ARTISTS Louise Clifton, Sarah Jane Parton, Seraphine Pick, Marnie Slater
Portraiture continues to be an area of investigation for women artists teasing out issues surrounding the roles of women in society and art. Painted Faces is titled after a 2005 series of paintings by Seraphine Pick. The title suggests disguise and deceit, fabrication and embellishment—make believe. The show presents Pick alongside three other Wellington women artists who explore portraiture.
Pick produces psychologically charged portraits of imagined women. A hirsute woman in green velvet stands before a backdrop of exotic flowers. A masked woman carries a masked, long-eared lap dog.
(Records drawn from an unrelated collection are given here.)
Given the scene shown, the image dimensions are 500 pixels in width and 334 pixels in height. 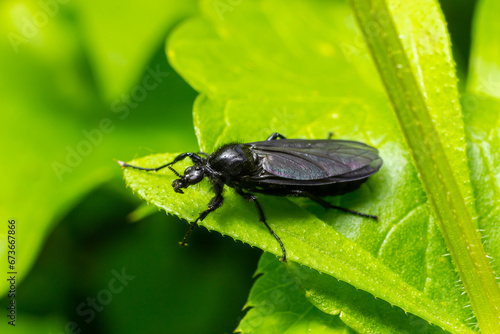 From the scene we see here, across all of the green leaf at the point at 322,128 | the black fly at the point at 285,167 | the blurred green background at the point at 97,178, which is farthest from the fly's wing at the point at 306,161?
the blurred green background at the point at 97,178

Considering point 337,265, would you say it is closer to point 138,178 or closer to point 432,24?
point 138,178

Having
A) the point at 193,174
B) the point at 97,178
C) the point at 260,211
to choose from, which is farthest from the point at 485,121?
the point at 97,178

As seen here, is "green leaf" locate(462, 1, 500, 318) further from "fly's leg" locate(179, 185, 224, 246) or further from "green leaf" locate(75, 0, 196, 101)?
"green leaf" locate(75, 0, 196, 101)

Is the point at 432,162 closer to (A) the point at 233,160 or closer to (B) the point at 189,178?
(A) the point at 233,160

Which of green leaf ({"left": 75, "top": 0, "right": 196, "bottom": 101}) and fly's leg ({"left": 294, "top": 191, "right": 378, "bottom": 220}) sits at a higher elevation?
green leaf ({"left": 75, "top": 0, "right": 196, "bottom": 101})

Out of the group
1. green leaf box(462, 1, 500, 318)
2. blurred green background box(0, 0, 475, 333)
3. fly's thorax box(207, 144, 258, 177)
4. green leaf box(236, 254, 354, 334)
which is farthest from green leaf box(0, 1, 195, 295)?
green leaf box(462, 1, 500, 318)

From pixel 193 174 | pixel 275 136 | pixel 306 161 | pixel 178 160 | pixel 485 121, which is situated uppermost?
pixel 178 160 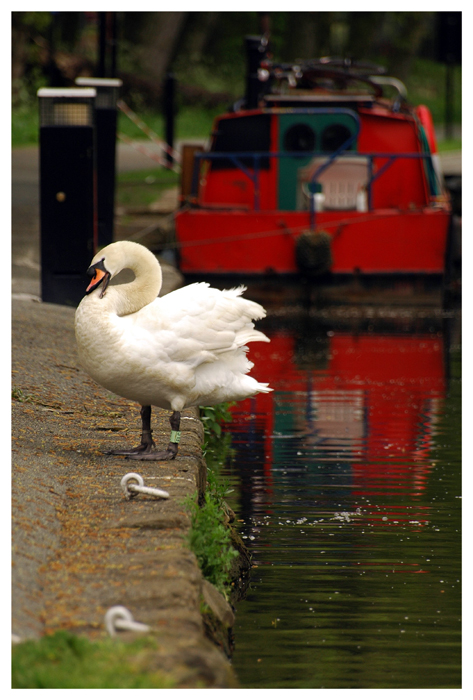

Marnie Slater installs a bright-yellow, faux-satin curtain at the gallery entrance. In front of it, there’s a photo of a young woman—local artist Jessica Reid—who beckons the visitor to enter the space. Her image reappears inside through the show, like a gallery guide.
Sarah Jane Parton plays the ingénue, often referencing her childhood and adolescence. In her video Madison’s Lament (2006), she emerges as a mermaid from a plastic clam shell (a children's paddling pool) to an instrumental cover of Belinda Carlisle’s hit song ‘Heaven Is a Place on Earth’ (1980). The work conflates Botticelli’s Birth of Venus (c.1484–6), the movie Splash (1984)—in which Daryl Hannah played the mermaid ‘Madison’—and Walt Disney’s The Little Mermaid (1989).
Photographer Louise Clifton places disembodied heads in unexpected domestic contexts: a microwave alcove, a mantelpiece, alongside a stereo, alongside a TV. The faces are cosmetically enhanced, with whitened skin, painted eyebrows, and full red lips. Gothic black humour.